New parents Amy and Simon Pritchard from Great Wyrley were so keen to get their 1978 Silver Cross Balmoral – known as the Rollys Royce of prams – off ebay that family members were instructed to bid for it while they were on honeymoon.

The couple were texted in South Africa with the happy news that their £300 bid had been accepted. To have bought a new one would have set them back £1,500.

It also doubles as a Moses basket for eight-month-old son Harry who sleeps in it in the kitchen of the family's Warwell Lane home.

Teacher Amy, aged 32, said: "I'd always wanted one even though people said they were disgusting because they were second-hand. This one was in excellent condition and had been used by two generations of the family we bought it from, which was nice to know.

"It's amazing to push, and it's got the best suspension and I can stand up straight when I push it. The leather straps were gone on it but mum and dad have got a friend in the saddlery business and he made some replacements.

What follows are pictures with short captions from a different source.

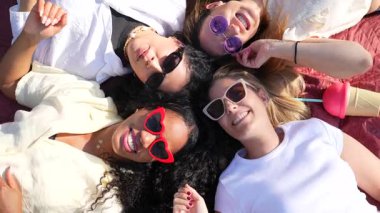 Üç neşeli genç kadın battaniyeye uzanmış güneş gözlüğü takıyor ve yaz pikniğinin tadını çıkarıyorlar.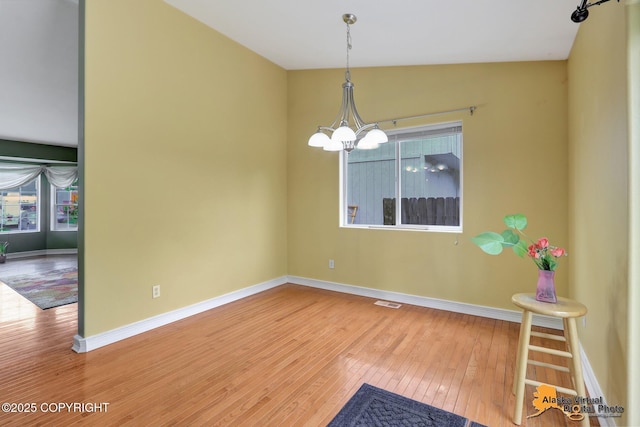 7541 Florence Cir, Anchorage, AK 99507 - spare room with wood-type flooring, baseboards, and a chandelier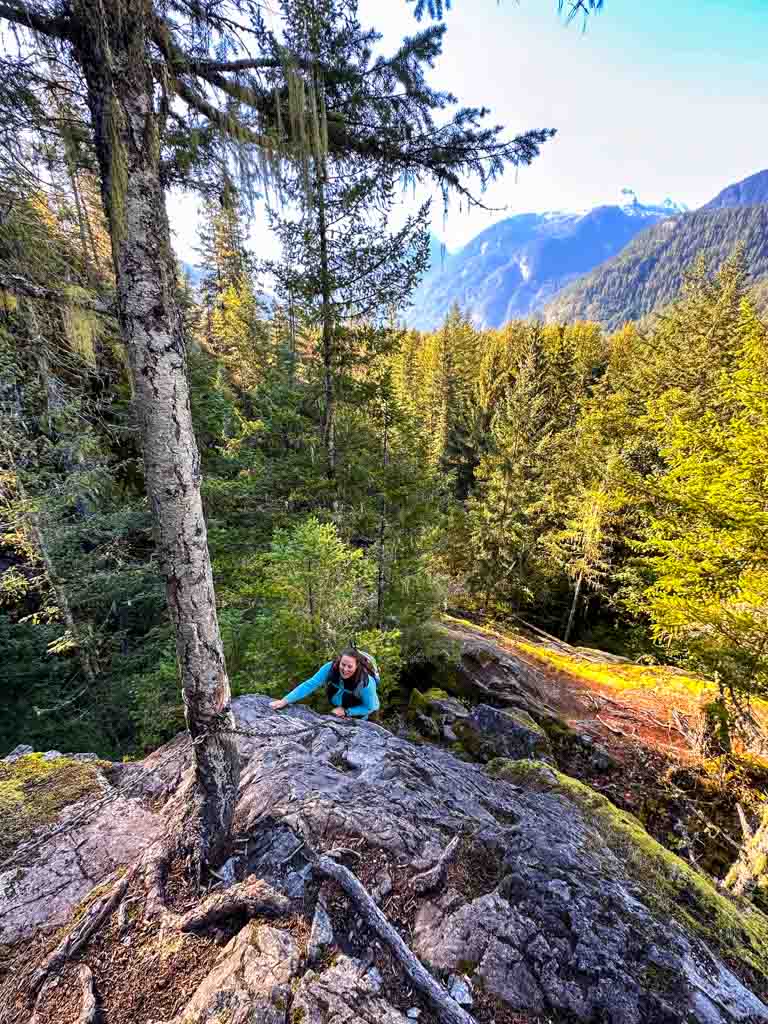 A woman uses a fixed rope to climb up a rocky bluff on a trail in Squamish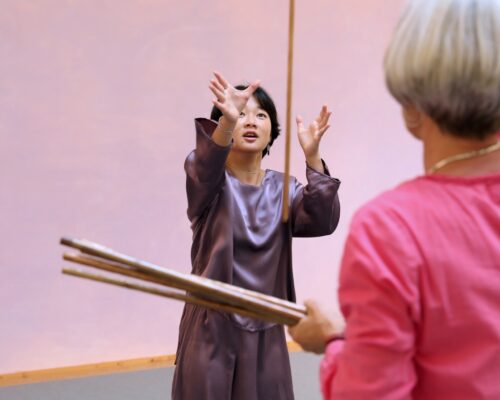 Zwei Personen in einem Raum. Eine Person trägt ein lila Seidenkleid und erhebt die Arme, während die andere Person, teilweise von hinten gezeigt, mit einem rosa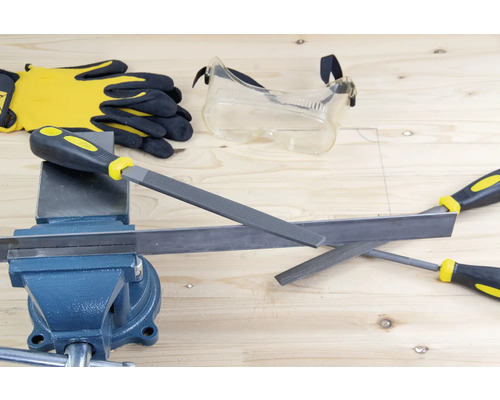 Werkbank met bankschroef, metalen vijlen, veiligheidsbril en werkhandschoenen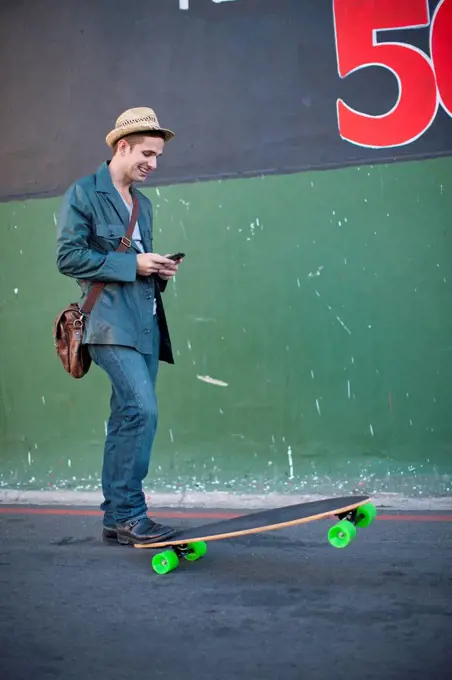 Mid adult male skateboarder reading text message on smartphone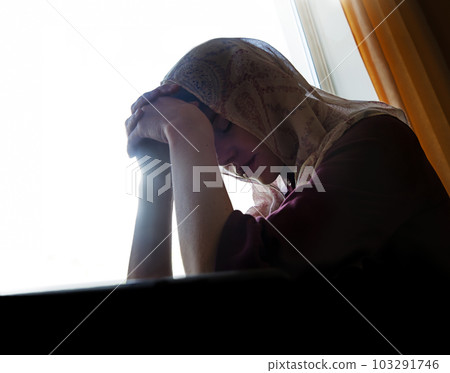Praying woman at the window 103291746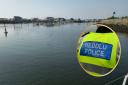 Pwllheli Marina. Inset: North Wales Police jacket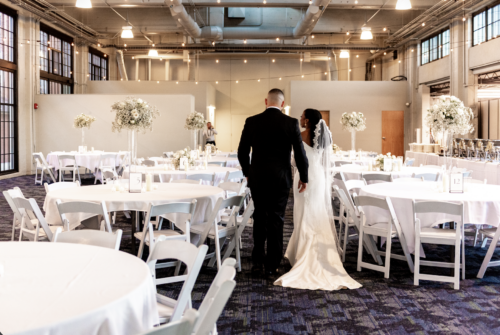Couple walking through tables in an industrial building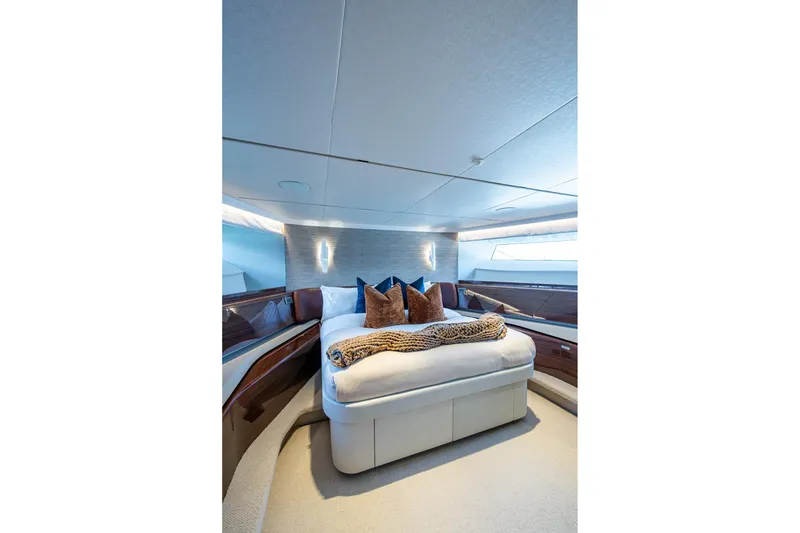 Slide: The Image of Luxurious bedroom interior of 2022 Princess X95 yacht with elegant decor and plush bedding. - 95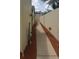 Narrow side yard with rock covering ground at 7314 Patio Row, Hudson, FL 34667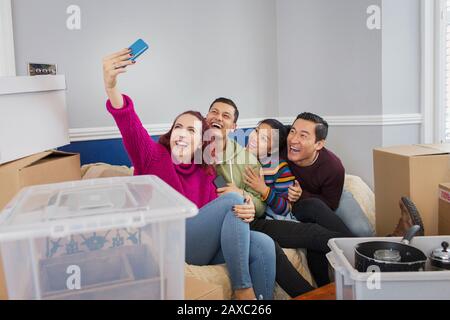 Happy friends taking a break from moving, taking selfie on sofa Stock Photo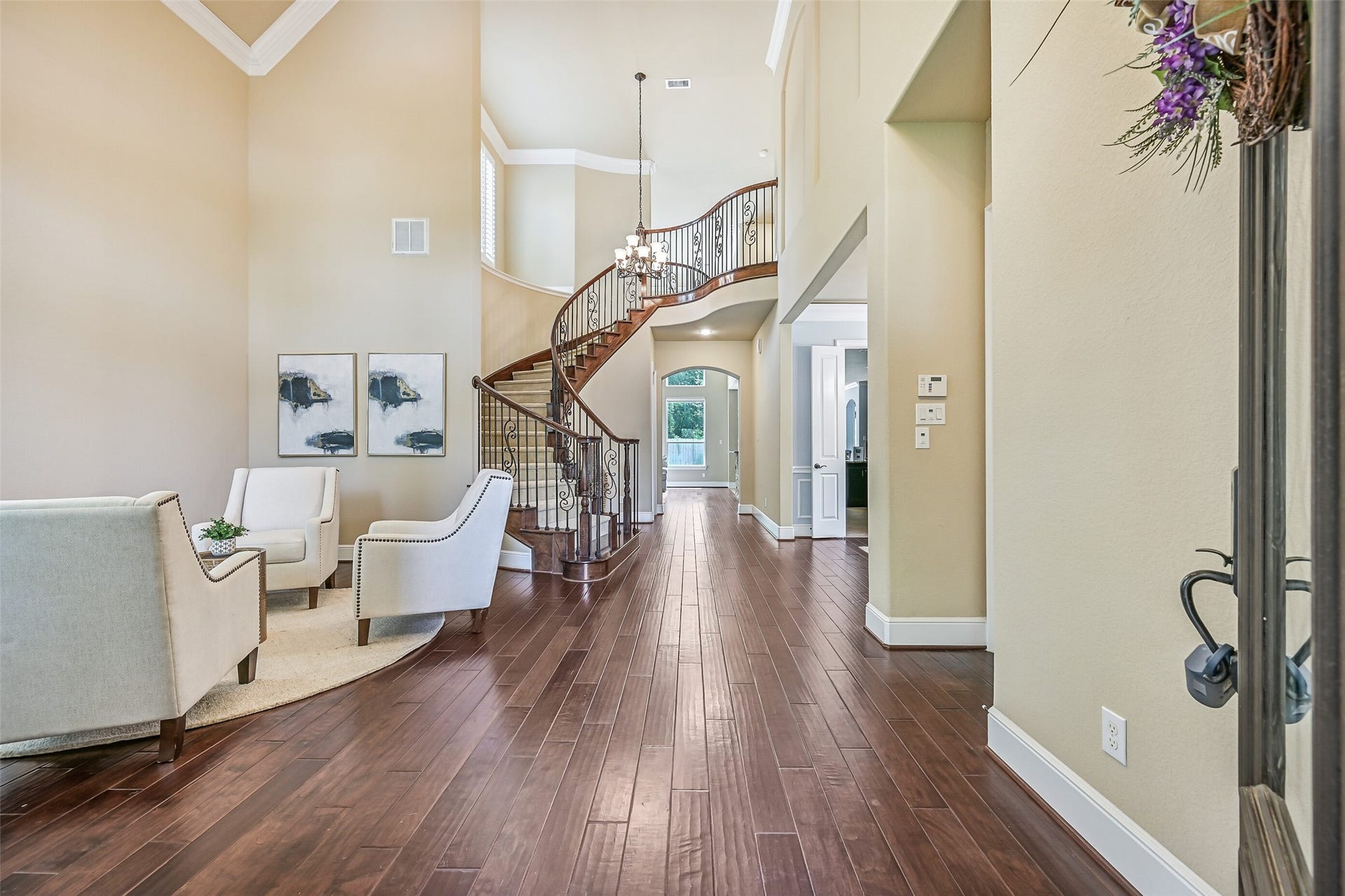 2304 Halls Creek Court, Friendswood, TX 77546 Step inside the grand foyer where soaring ceilings, engineered wood floors, and a dramatic curved staircase with iron balusters immediately set an elegant tone. A wall of towering windows trimmed with plantation shutters fills the space with natural light while highlighting the homes impressive architectural scale.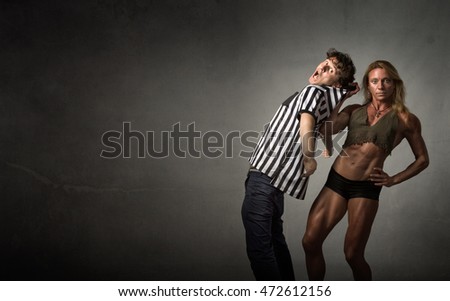 wrestling problem with referee, dark background
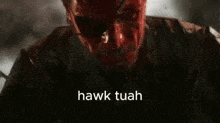a close up of a man with blood on his face and the words `` hawk tuah '' written on it .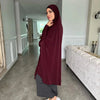Eine Frau in einem dunkelroten Abaya und Hijab steht in einem Flur mit einem weißen Sofa.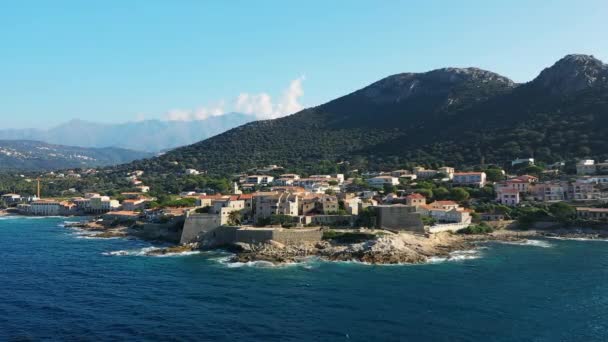 De stad Calvi en zijn middeleeuwse fort aan de voet van de bergen, in Europa, in Frankrijk, op Corsica, aan de Middellandse Zee, in de zomer, op een zonnige dag. - Video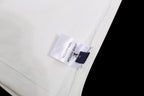 Louis Vuitton white T-shirt fabric label with blue print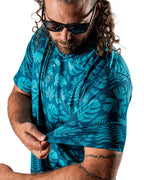 Men’s Cabana Nights golf polo by Pins & Aces featuring a blue and teal tropical leaf print, short sleeves, and athletic performance fit.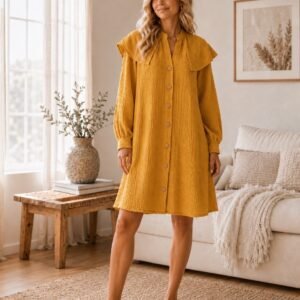 Woman wearing a mustard cotton muslin shirt dress with ruffle collar, long sleeves and button front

"When we've taken it out, people have stopped their cars and pulled over saying they love it, or they've got one just like it in the loft. Apparently Kate Middleton wants one so we're in good company."

Wolverhampton grandmother June Biesty bought her Marmet High coach-built pram for £44 from Lindy Lou's in Victoria Street in 1960.

"It's silly I know but I haven't been able to part with it," she said. "Both my children were pushed around in luxury in it, lying under the canopy like little princes," says the 72-year-old retired wages clerk, of Milldale Crescent, Fordhouses. "It was fabulous, there's no comparison with today's buggies. I know the modern ones are a lot more convenient but these were classy."

Her sons – David, now 50, and Christian, 39 – were not the only babies to have been carried in the cream and black Marmet with its 21-inch wheels. Grandson Connor was also wheeled around in it on visits.

Since then the pram has been lovingly restored. And June says: "I've come to the point where I might let it go for the right price."